== How to complete this task ==
Of the records below, reproduce only the span that opens with the line containing "Chi nhánh Ngân" and closes with the last line.

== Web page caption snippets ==
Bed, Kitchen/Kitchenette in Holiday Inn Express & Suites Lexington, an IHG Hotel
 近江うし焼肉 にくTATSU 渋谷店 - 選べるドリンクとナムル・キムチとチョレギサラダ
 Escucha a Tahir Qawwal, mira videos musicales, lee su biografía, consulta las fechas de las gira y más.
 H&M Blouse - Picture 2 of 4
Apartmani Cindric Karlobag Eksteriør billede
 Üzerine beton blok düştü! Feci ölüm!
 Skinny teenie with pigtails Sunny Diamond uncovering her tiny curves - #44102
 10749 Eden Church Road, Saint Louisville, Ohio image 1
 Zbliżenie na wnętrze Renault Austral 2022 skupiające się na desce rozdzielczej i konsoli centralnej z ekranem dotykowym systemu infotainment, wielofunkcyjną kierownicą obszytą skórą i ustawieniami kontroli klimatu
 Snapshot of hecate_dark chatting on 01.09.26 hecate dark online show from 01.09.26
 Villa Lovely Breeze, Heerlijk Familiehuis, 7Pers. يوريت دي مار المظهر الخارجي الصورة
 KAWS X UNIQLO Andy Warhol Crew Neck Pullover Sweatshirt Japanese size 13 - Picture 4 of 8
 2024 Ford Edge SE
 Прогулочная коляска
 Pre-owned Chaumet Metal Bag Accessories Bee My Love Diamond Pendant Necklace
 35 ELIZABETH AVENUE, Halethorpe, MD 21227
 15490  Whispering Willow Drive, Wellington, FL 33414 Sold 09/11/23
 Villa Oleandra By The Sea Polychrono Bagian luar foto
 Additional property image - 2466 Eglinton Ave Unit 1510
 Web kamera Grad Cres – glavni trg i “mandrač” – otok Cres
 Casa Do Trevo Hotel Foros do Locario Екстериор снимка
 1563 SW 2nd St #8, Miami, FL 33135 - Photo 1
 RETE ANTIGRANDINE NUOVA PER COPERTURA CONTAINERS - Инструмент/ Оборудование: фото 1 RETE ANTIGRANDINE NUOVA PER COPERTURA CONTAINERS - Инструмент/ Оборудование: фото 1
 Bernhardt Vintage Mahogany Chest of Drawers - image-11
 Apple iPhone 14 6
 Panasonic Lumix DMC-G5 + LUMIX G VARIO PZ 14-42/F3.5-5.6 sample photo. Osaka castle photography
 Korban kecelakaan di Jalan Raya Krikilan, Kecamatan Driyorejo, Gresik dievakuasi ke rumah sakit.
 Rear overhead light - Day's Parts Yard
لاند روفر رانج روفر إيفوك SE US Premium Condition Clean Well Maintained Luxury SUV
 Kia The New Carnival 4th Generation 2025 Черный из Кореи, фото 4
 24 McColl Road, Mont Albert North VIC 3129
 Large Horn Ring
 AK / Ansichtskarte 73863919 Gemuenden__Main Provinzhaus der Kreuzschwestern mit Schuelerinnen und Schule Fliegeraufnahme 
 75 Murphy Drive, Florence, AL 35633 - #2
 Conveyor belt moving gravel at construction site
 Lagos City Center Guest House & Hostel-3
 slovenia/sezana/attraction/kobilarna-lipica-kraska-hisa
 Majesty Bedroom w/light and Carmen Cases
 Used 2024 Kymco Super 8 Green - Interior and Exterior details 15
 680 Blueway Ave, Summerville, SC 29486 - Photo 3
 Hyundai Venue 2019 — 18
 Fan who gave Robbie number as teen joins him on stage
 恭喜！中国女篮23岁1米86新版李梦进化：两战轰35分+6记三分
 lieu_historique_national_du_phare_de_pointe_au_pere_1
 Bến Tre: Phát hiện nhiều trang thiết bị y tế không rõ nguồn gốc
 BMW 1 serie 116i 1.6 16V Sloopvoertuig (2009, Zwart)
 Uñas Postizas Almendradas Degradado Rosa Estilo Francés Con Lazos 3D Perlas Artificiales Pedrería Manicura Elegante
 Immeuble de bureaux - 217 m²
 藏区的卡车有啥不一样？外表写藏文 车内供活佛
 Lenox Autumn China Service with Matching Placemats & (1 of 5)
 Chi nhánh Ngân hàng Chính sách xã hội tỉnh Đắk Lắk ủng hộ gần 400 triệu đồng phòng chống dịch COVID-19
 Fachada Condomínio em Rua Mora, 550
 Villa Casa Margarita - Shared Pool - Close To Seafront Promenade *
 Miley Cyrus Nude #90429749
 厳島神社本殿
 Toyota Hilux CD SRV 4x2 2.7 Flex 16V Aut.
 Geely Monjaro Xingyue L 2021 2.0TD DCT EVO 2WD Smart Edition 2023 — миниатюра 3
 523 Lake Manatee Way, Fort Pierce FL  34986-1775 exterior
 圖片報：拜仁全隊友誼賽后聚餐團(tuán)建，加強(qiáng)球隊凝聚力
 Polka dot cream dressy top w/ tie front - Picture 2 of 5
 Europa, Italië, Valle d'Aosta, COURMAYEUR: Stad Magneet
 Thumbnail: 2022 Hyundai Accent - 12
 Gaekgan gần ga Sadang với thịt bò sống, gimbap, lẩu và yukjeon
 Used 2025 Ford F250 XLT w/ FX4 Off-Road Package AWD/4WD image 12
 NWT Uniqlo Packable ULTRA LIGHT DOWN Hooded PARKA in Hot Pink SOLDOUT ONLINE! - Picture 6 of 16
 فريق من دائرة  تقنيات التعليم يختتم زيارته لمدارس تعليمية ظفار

== Response box ==
 Chi nhánh Ngân hàng Chính sách xã hội tỉnh Đắk Lắk ủng hộ gần 400 triệu đồng phòng chống dịch COVID-19
 Fachada Condomínio em Rua Mora, 550
 Villa Casa Margarita - Shared Pool - Close To Seafront Promenade *
 Miley Cyrus Nude #90429749
 厳島神社本殿
 Toyota Hilux CD SRV 4x2 2.7 Flex 16V Aut.
 Geely Monjaro Xingyue L 2021 2.0TD DCT EVO 2WD Smart Edition 2023 — миниатюра 3
 523 Lake Manatee Way, Fort Pierce FL  34986-1775 exterior
 圖片報：拜仁全隊友誼賽后聚餐團(tuán)建，加強(qiáng)球隊凝聚力
 Polka dot cream dressy top w/ tie front - Picture 2 of 5
 Europa, Italië, Valle d'Aosta, COURMAYEUR: Stad Magneet
 Thumbnail: 2022 Hyundai Accent - 12
 Gaekgan gần ga Sadang với thịt bò sống, gimbap, lẩu và yukjeon
 Used 2025 Ford F250 XLT w/ FX4 Off-Road Package AWD/4WD image 12
 NWT Uniqlo Packable ULTRA LIGHT DOWN Hooded PARKA in Hot Pink SOLDOUT ONLINE! - Picture 6 of 16
 فريق من دائرة  تقنيات التعليم يختتم زيارته لمدارس تعليمية ظفار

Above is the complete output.